Something interesting I found on the internet . ..
This is a cool test, I am not against it, just found this comment interesting
""A Fun Linguistic Internet Scam
I ran into a thread on an internet board I frequent that replicated a "test" that is circulating now. It starts off this way: "At the end of this post, you will be asked a question. Answer it immediately. Don't stop and think about it. Just say the first thing that pops into your mind This is a fun "test"... AND kind of spooky at the same time! Give it a try."
Following this is a series of ten or so addition problems that are placed apart from each other by a gob of carriage returns to slow the reader down. Then comes the "question": "QUICK! THINK ABOUT A COLOR AND A TOOL!" We are then told
"You just thought about a red hammer, didn't you? If this is not your answer, you are among 2% of people who have a different kind of mind."
On my board a number of participants including me reported that they got "red" and "hammer." Blue came up with some and a few other tools came up.
Does this "test" separate out two different types of minds? The answer is, "No." I have given this sort of "test" (without including addition problems) a number of times in classes I have taught to illustrate the Prototype Theory of word meaning (or of concept formation).
The philosopher Ludwig Witgenstein argued in his "Philosophical Investigations" that the sorts of things that a word refers to cannot be characterized by a set of properties shared by all of the things it refers to. He noted that any such set of properties for the word "game" would inevitably include some things that aren't games and exclude some things that are. Not infrequently on sports talk shows, for instance, the question whether or not this or that activity (say, ice skating) is a sport comes up. Never can the hosts come up with an answer that pleases everyone. Wittgensten argued instead that the things that the word "game" refers to enjoy a set of family resemblances to each other based on the properties that they share.
Prototype Theory takes the position that in learning a word, we are taught (or discover for ourselves) a single or sometimes a couple of primary exemplars of the set of things the word refers to.
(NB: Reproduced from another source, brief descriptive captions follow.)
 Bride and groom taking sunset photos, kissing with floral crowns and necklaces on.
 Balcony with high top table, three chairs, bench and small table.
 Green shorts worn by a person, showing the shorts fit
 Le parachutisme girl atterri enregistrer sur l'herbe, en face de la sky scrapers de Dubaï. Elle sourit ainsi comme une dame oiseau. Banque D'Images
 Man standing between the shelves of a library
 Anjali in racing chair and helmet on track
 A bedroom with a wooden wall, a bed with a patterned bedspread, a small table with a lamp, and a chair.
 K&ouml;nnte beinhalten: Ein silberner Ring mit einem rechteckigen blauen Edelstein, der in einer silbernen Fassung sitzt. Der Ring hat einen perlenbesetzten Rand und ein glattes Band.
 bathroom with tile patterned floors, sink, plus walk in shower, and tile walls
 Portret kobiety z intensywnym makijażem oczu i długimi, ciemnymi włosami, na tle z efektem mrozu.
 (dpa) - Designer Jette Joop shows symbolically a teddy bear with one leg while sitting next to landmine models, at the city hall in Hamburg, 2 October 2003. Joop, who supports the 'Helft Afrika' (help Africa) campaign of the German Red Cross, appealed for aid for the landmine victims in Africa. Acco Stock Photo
When we learn the word "bird" we pick out robins, for instance, as exemplars of the set of birds with other birds deviating from it to varying degrees and in varying ways. Close to it would be cardinals and sparrows. Further away would be seagulls. At the remotest end would be penguins, perhaps. In my classes, when I would give the "red hammer" test, I might ask some students to name a type of bird and others to draw a bird. The word "robin" came up most frequently and drawings of a bird almost invariably showed a robin-like bird standing, rather than flying.
What the "red hammer" test proves is that "red" is the paradigmatic color for people (and not just for English speaking people) and "hammer" is the paradigmatic kind of tool. So, those who see the "red hammer" test as separating out two types of “minds” are being conned."